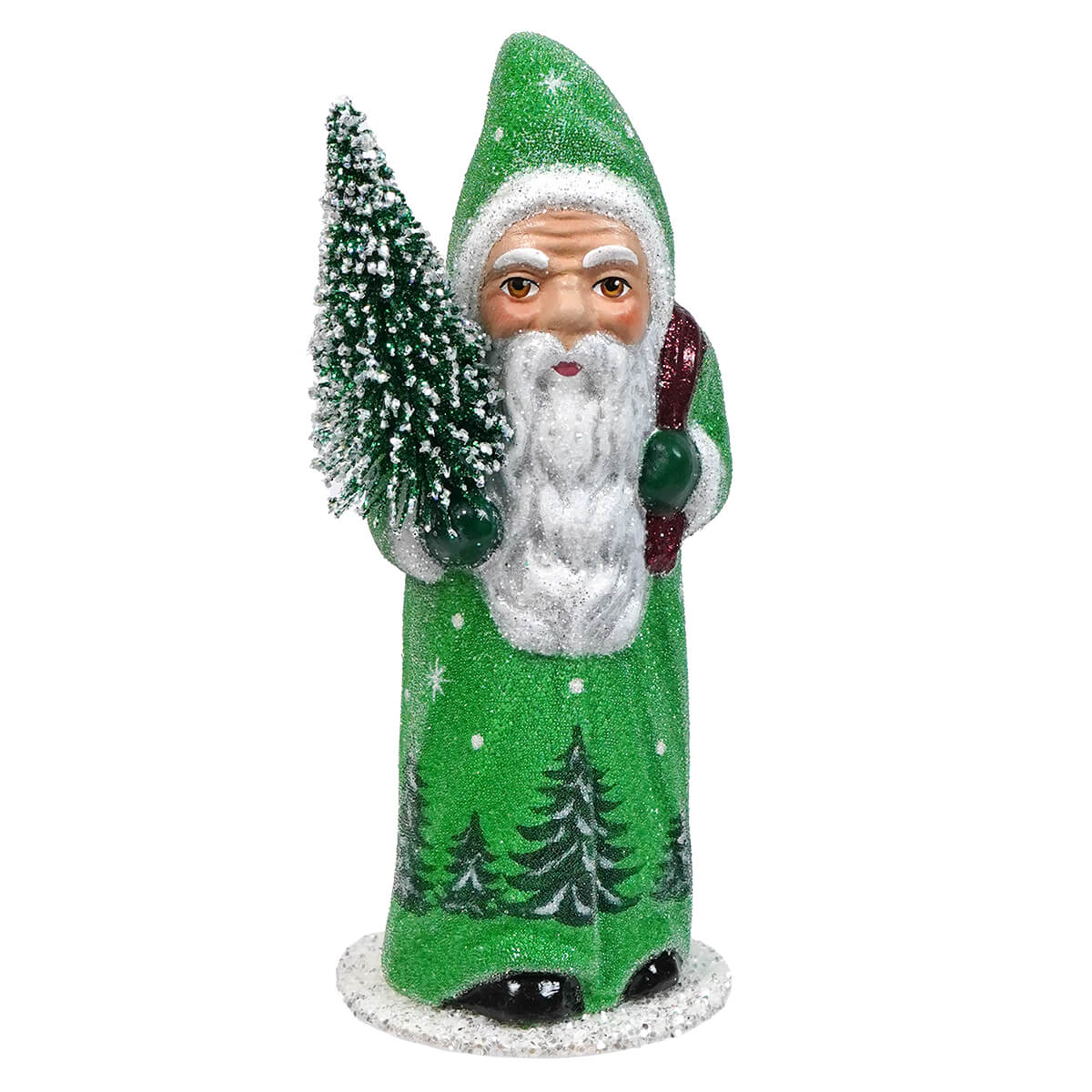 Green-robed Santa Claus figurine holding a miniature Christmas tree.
⁂
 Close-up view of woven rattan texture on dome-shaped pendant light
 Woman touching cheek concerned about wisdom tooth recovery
⁂
Work required: Starting at the line that has "Close-up view of" and ending at the line that has "Woman touching cheek", please write out the lines above exactly, leaving out all others.

Answer to this problem:
 Close-up view of woven rattan texture on dome-shaped pendant light
 Woman touching cheek concerned about wisdom tooth recovery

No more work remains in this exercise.